(Beginning of RECORDS TO USE)
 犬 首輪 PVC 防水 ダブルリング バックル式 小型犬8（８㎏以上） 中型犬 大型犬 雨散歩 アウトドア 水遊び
(End of RECORDS TO USE)
(Beginning of RECORDS TO USE)
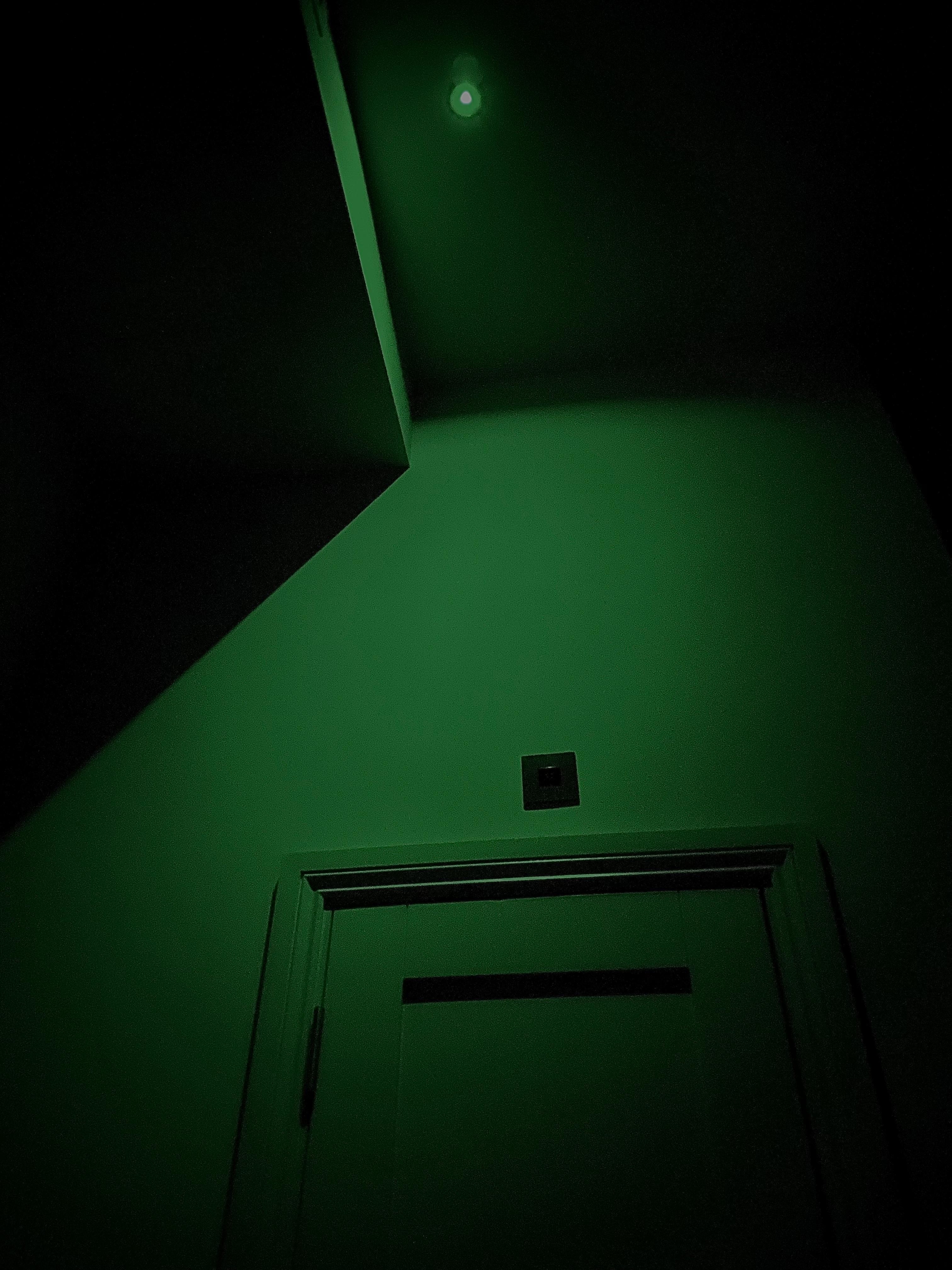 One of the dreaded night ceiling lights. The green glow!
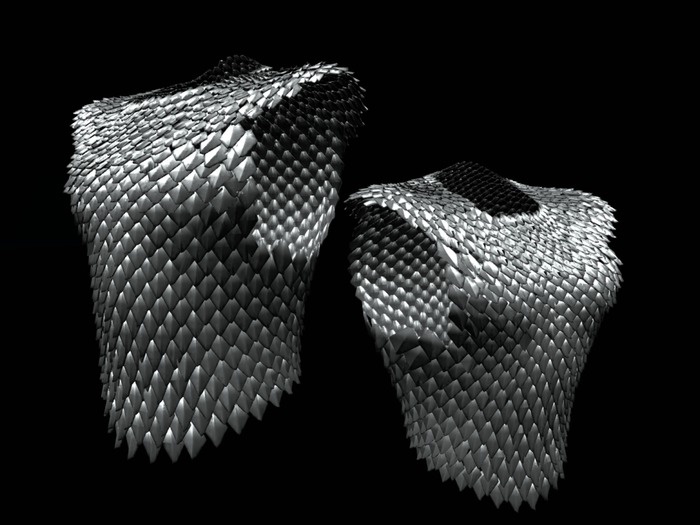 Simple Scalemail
(End of RECORDS TO USE)
(Beginning of RECORDS TO USE)
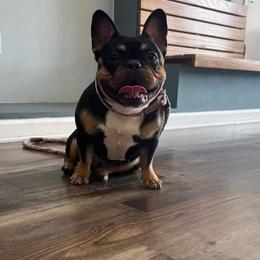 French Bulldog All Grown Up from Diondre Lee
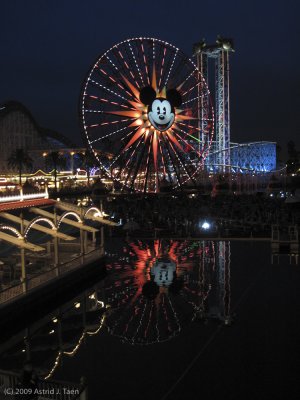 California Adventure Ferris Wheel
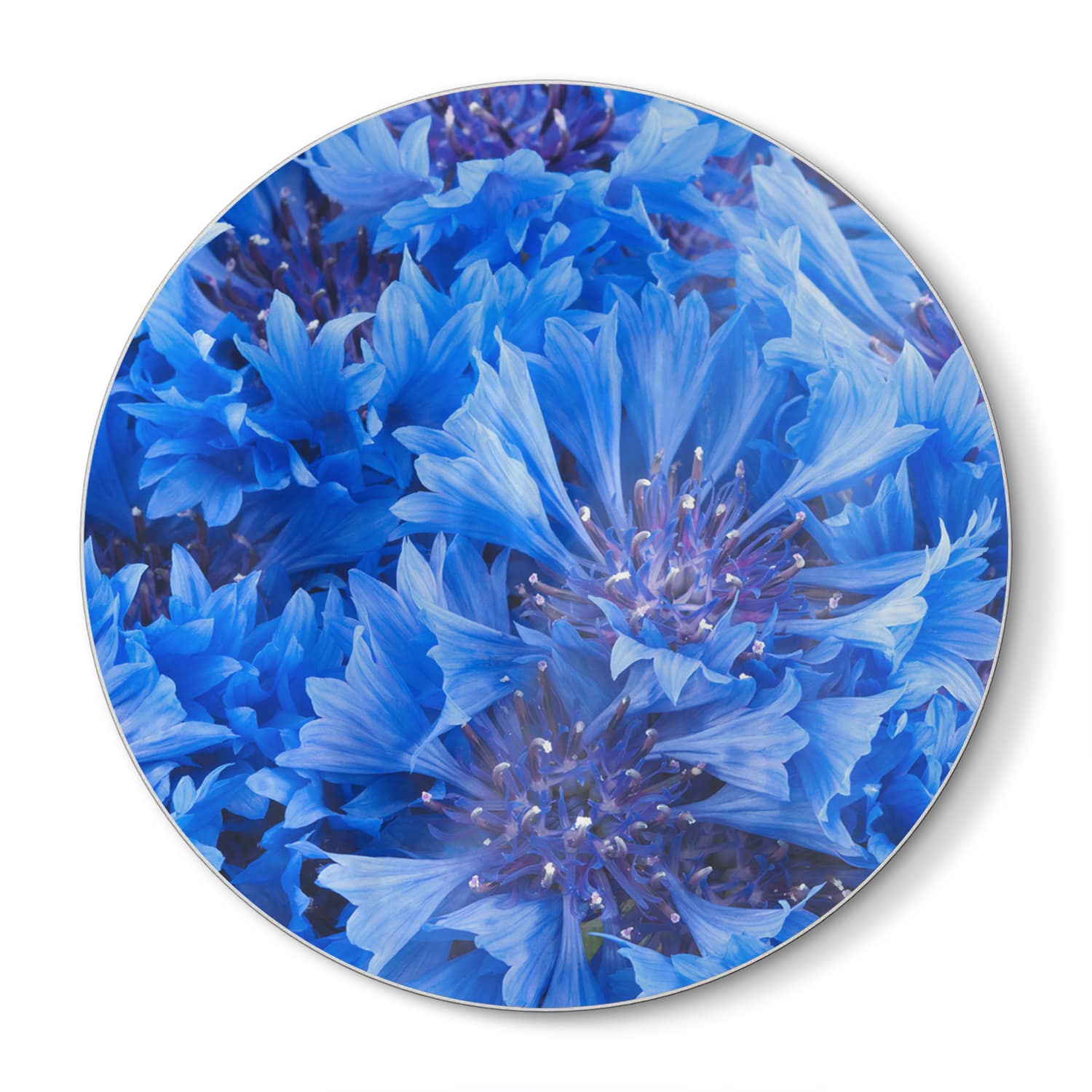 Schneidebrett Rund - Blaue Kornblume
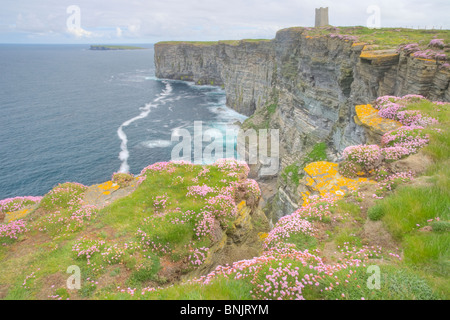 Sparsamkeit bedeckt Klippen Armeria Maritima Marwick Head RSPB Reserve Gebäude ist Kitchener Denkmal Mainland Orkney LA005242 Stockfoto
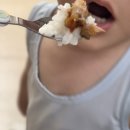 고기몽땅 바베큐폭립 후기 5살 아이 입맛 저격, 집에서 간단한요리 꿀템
(End of RECORDS TO USE)
Transcribe the listing above exactly, but only from the line with "French Bulldog All Grown Up from Diondre Lee" through the line with "고기몽땅 바베큐폭립 후기 5살 아이 입맛 저격, 집에서 간단한요리 꿀템". Include both of those lines and omit the pictures.

 French Bulldog All Grown Up from Diondre Lee
 California Adventure Ferris Wheel
 Schneidebrett Rund - Blaue Kornblume
 Sparsamkeit bedeckt Klippen Armeria Maritima Marwick Head RSPB Reserve Gebäude ist Kitchener Denkmal Mainland Orkney LA005242 Stockfoto
 고기몽땅 바베큐폭립 후기 5살 아이 입맛 저격, 집에서 간단한요리 꿀템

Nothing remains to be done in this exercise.